··· Stored data

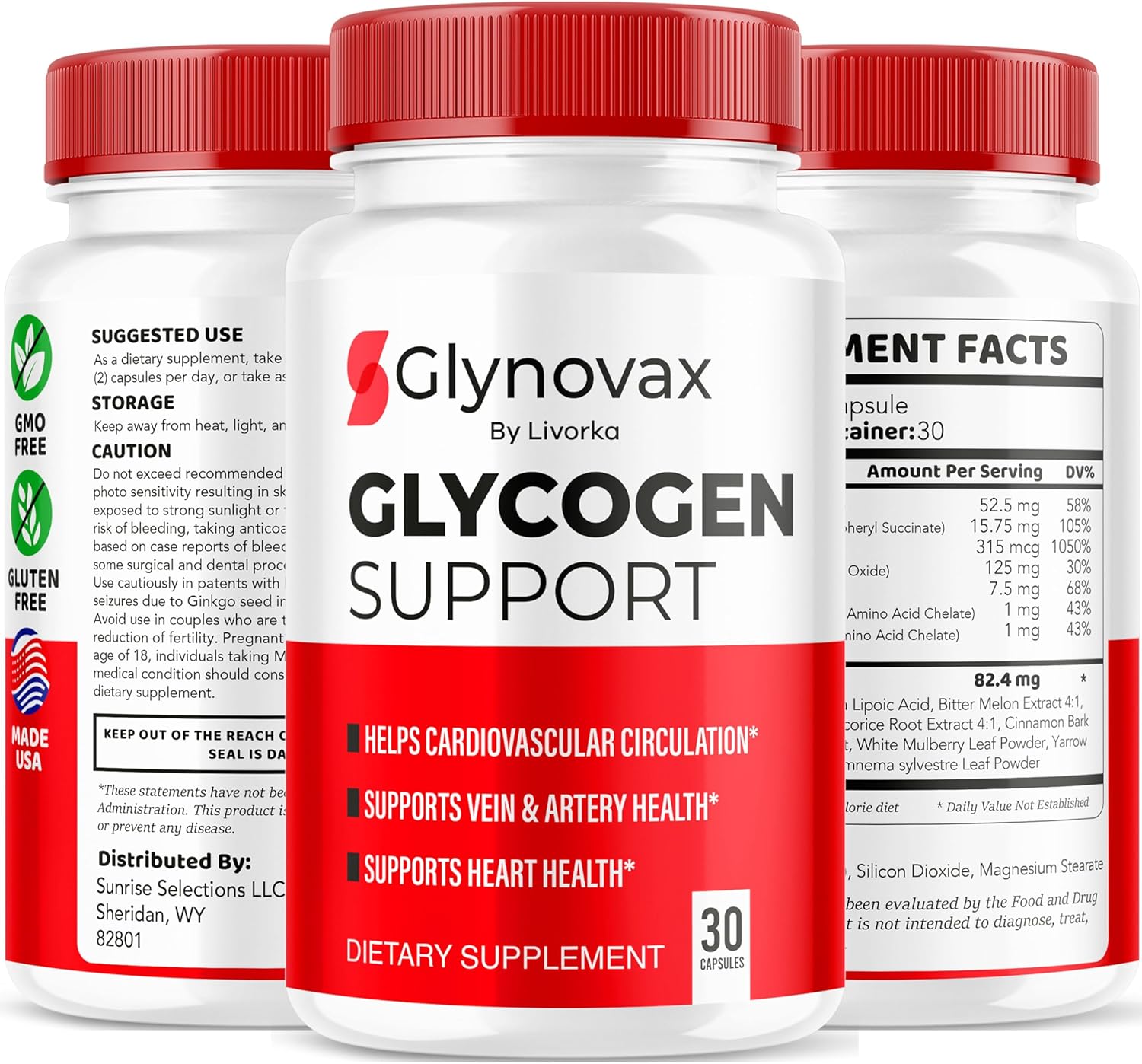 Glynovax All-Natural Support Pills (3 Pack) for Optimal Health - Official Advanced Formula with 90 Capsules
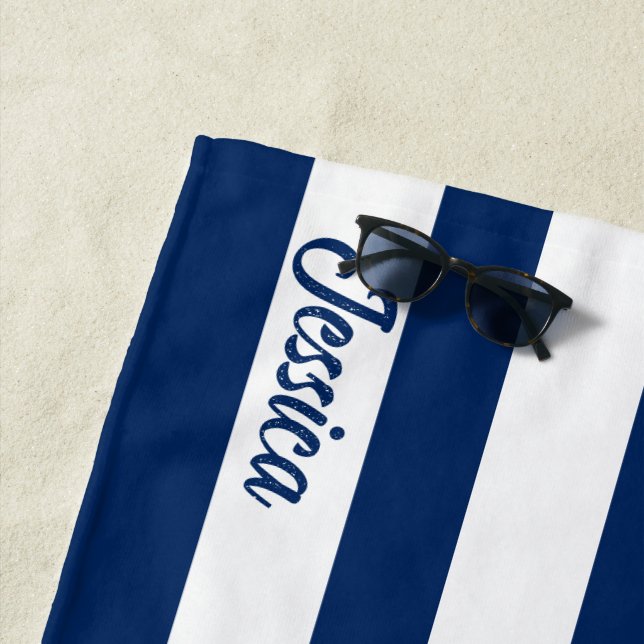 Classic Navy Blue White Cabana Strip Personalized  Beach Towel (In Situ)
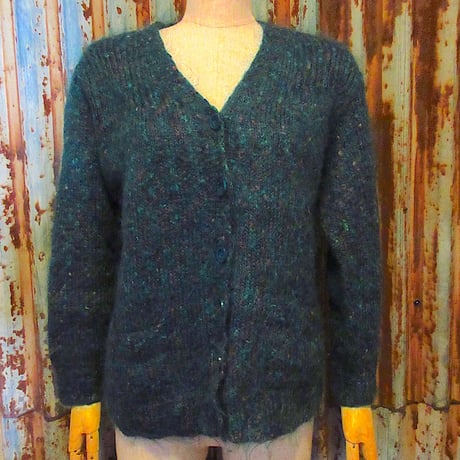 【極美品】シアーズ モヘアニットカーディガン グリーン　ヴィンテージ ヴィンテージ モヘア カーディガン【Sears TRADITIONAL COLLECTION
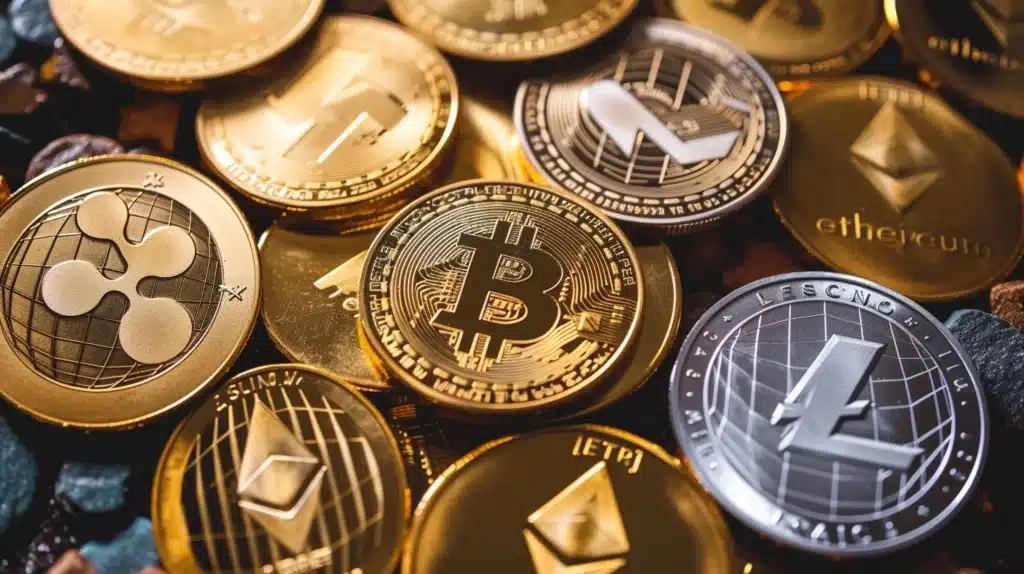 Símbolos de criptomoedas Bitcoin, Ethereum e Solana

······

(Exercise aim)
Retype only the lines from the line with "Classic Navy Blue" through the last line of the data. Keep both ends and skip the pictures.

(Answer area)
 Classic Navy Blue White Cabana Strip Personalized  Beach Towel (In Situ)
 【極美品】シアーズ モヘアニットカーディガン グリーン　ヴィンテージ ヴィンテージ モヘア カーディガン【Sears TRADITIONAL COLLECTION
 Símbolos de criptomoedas Bitcoin, Ethereum e Solana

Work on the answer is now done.